WHAT IS BEING ASKED: Repeat the records exactly, minus the pictures.

[Scraped caption text data]
::::

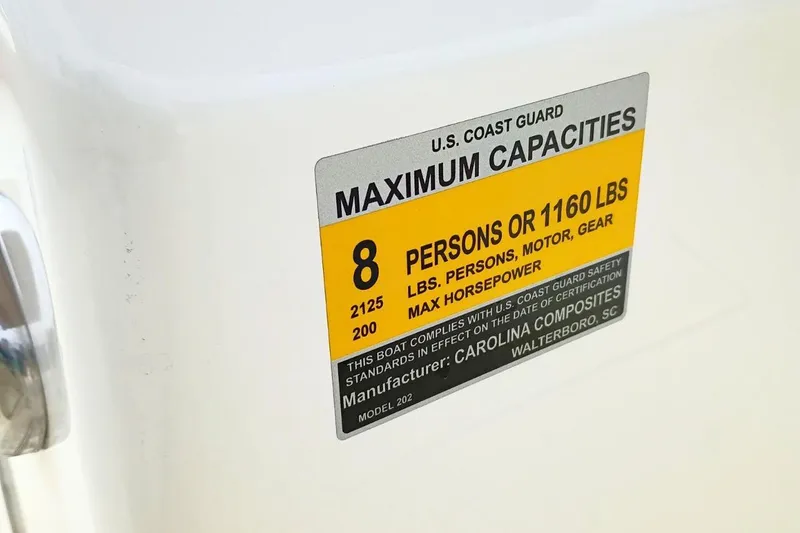 Slide: The Image of 2026 Pioneer 202 Sportfish capacity label, 8 persons or 1160 lbs, U.S. Coast Guard compliant. - 38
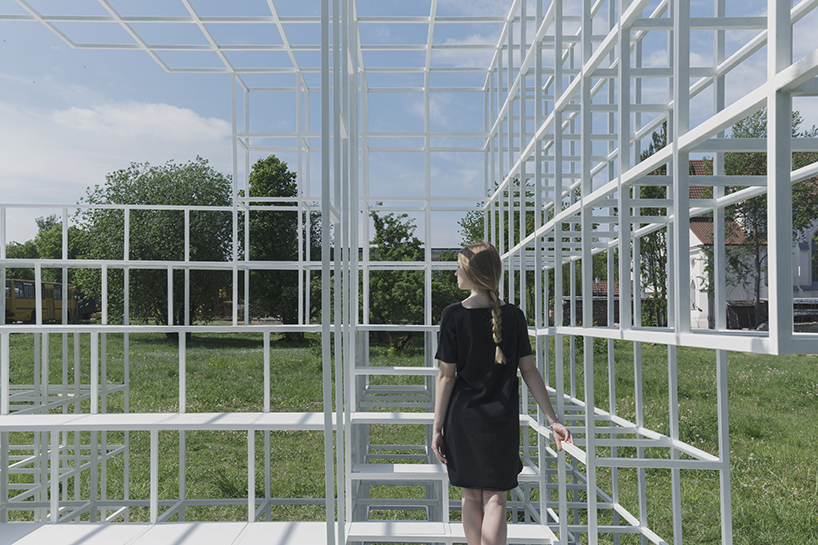 clap studio builds a geometric installation in memory of minsk's destroyed buildings designboom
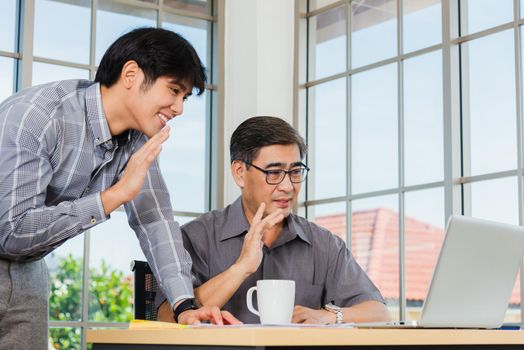 Asian senior and young business man working online on a modern laptop computer he looking the screen meeting online. Old and junior businessman using video call conference on desk table at office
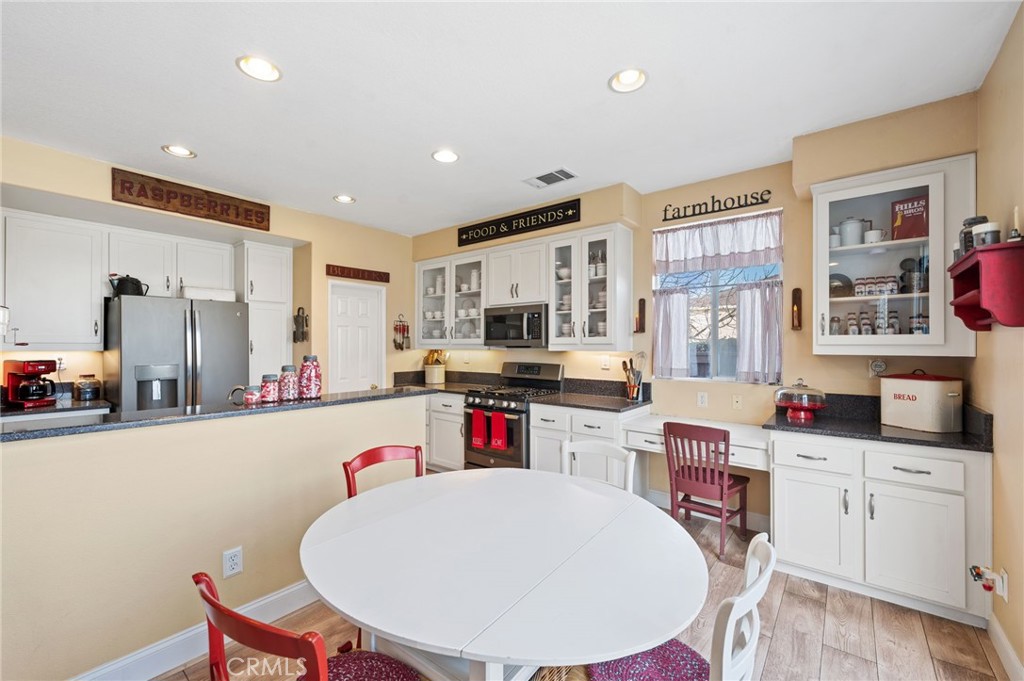 19714 Rotterdam Street Riverside, CA 92508 - Photo 13 of 46 a kitchen with stainless steel appliances kitchen island granite countertop a sink a stove a refrigerator cabinets and a dining table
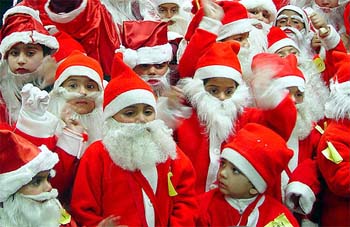 Children dress as Santa Claus during a gathering on Christmas eve in Amritsar on Tuesday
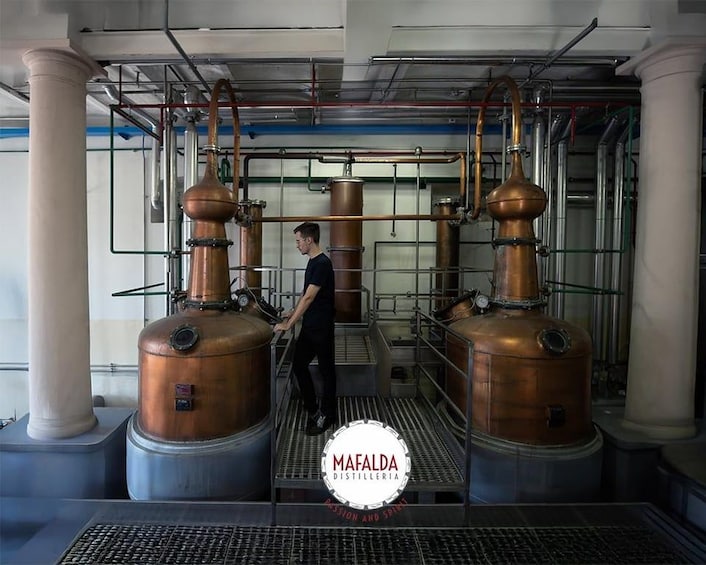 A distillery with copper stills and a person working. 1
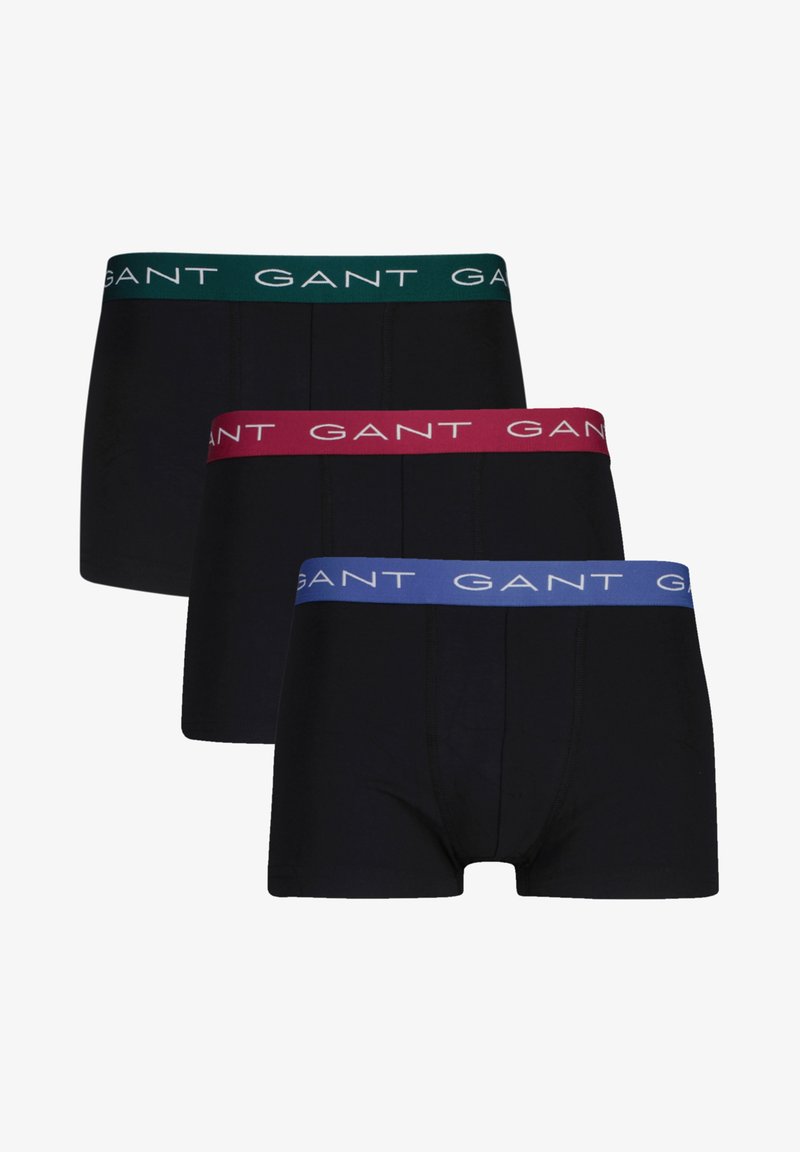 Tre par med svarte boxershorts. Hver av dem har en forskjellig farget midjebånd: grønn, burgunder og blå, med "GANT"-logo trykt.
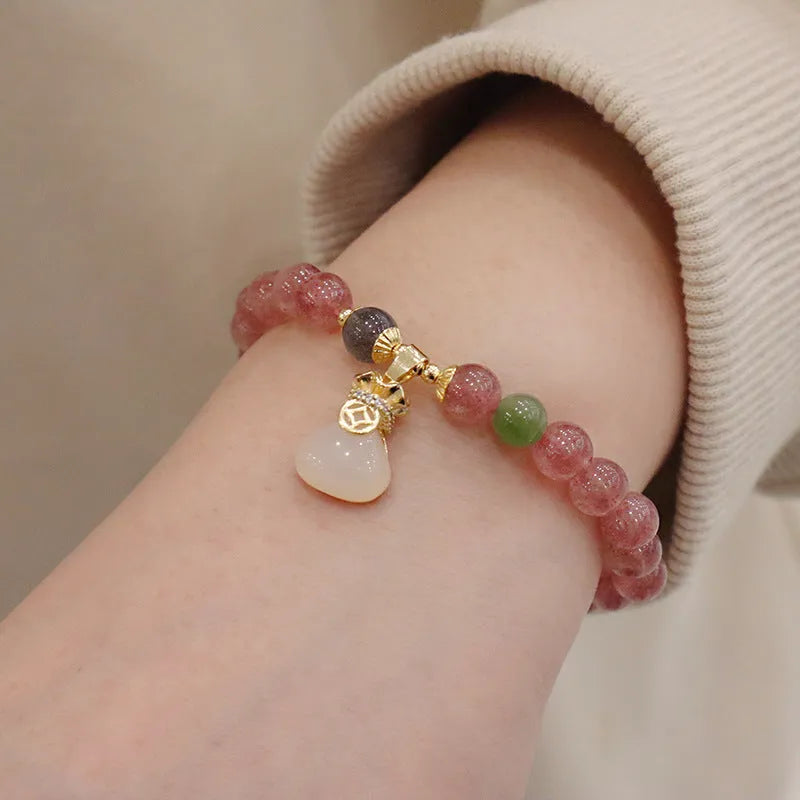 Geometric Strawberry Quartz women's bracelet with a lucky Bagg charm and a silver safety buckle clasp.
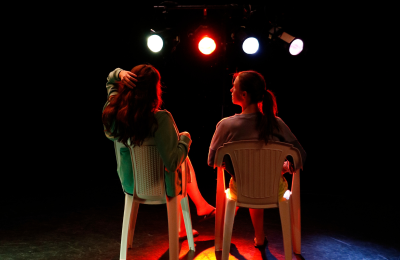 Photo de répétition de Miss Camping, avec deux actrices sur des chaises en plastique, de dos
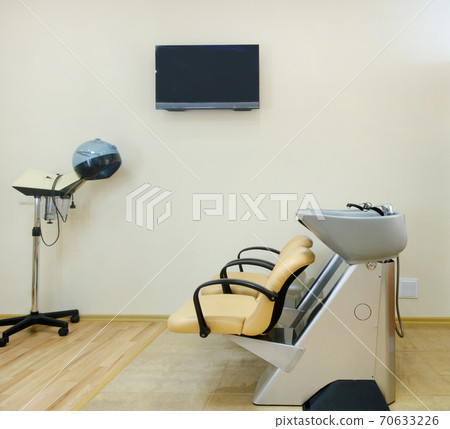 Chair for washing hair in a Barber shop. Interior of a Barber shop. A cruel place. Chair in beige leather in a beauty salon. 70633226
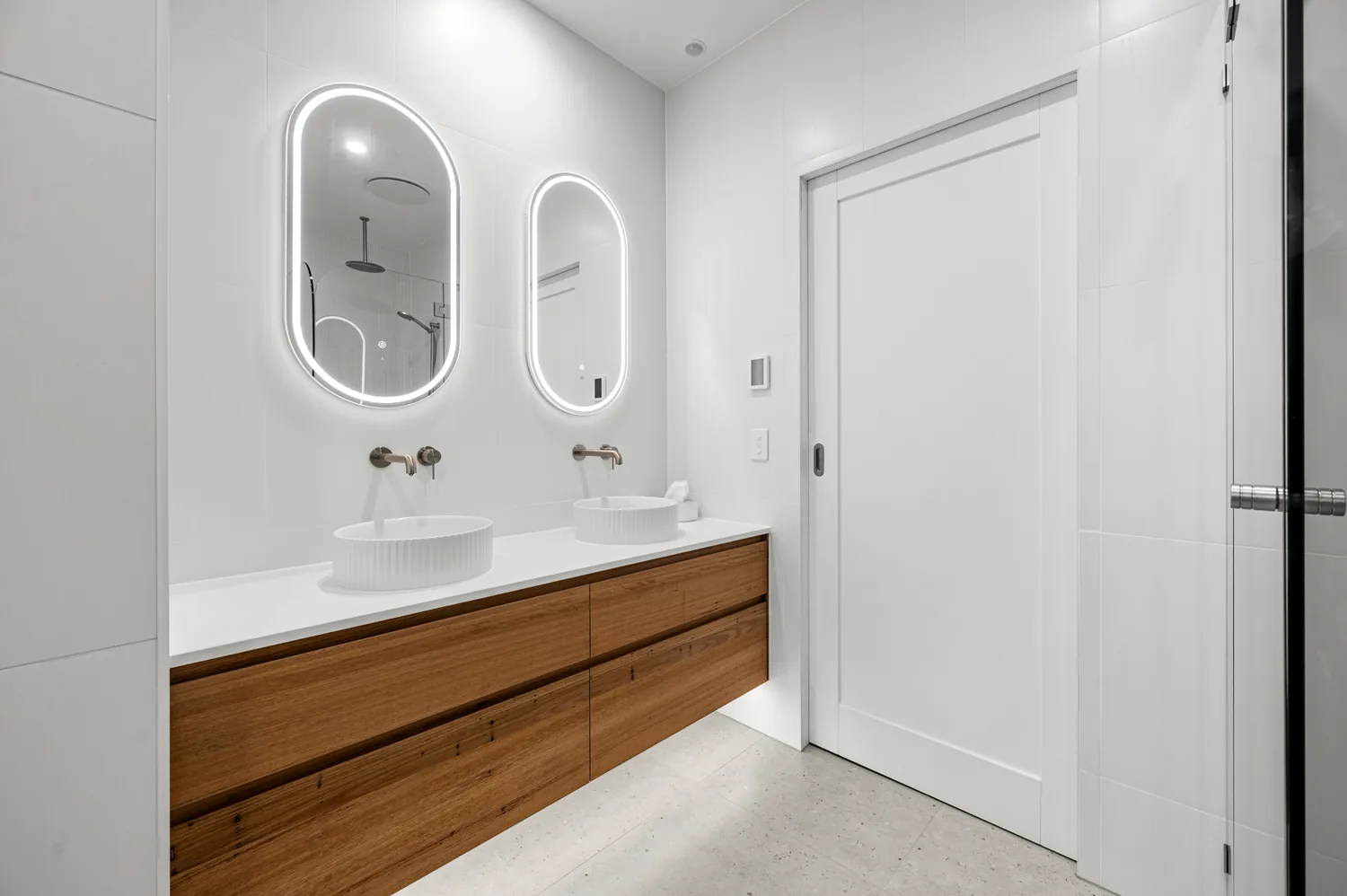 Double vanity with custom timber cabinetry and twin oval mirrors, Warrnambool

::::

THE ANSWER:
 Slide: The Image of 2026 Pioneer 202 Sportfish capacity label, 8 persons or 1160 lbs, U.S. Coast Guard compliant. - 38
 clap studio builds a geometric installation in memory of minsk's destroyed buildings designboom
 Asian senior and young business man working online on a modern laptop computer he looking the screen meeting online. Old and junior businessman using video call conference on desk table at office
 19714 Rotterdam Street Riverside, CA 92508 - Photo 13 of 46 a kitchen with stainless steel appliances kitchen island granite countertop a sink a stove a refrigerator cabinets and a dining table
 Children dress as Santa Claus during a gathering on Christmas eve in Amritsar on Tuesday
 A distillery with copper stills and a person working. 1
 Tre par med svarte boxershorts. Hver av dem har en forskjellig farget midjebånd: grønn, burgunder og blå, med "GANT"-logo trykt.
 Geometric Strawberry Quartz women's bracelet with a lucky Bagg charm and a silver safety buckle clasp.
 Photo de répétition de Miss Camping, avec deux actrices sur des chaises en plastique, de dos
 Chair for washing hair in a Barber shop. Interior of a Barber shop. A cruel place. Chair in beige leather in a beauty salon. 70633226
 Double vanity with custom timber cabinetry and twin oval mirrors, Warrnambool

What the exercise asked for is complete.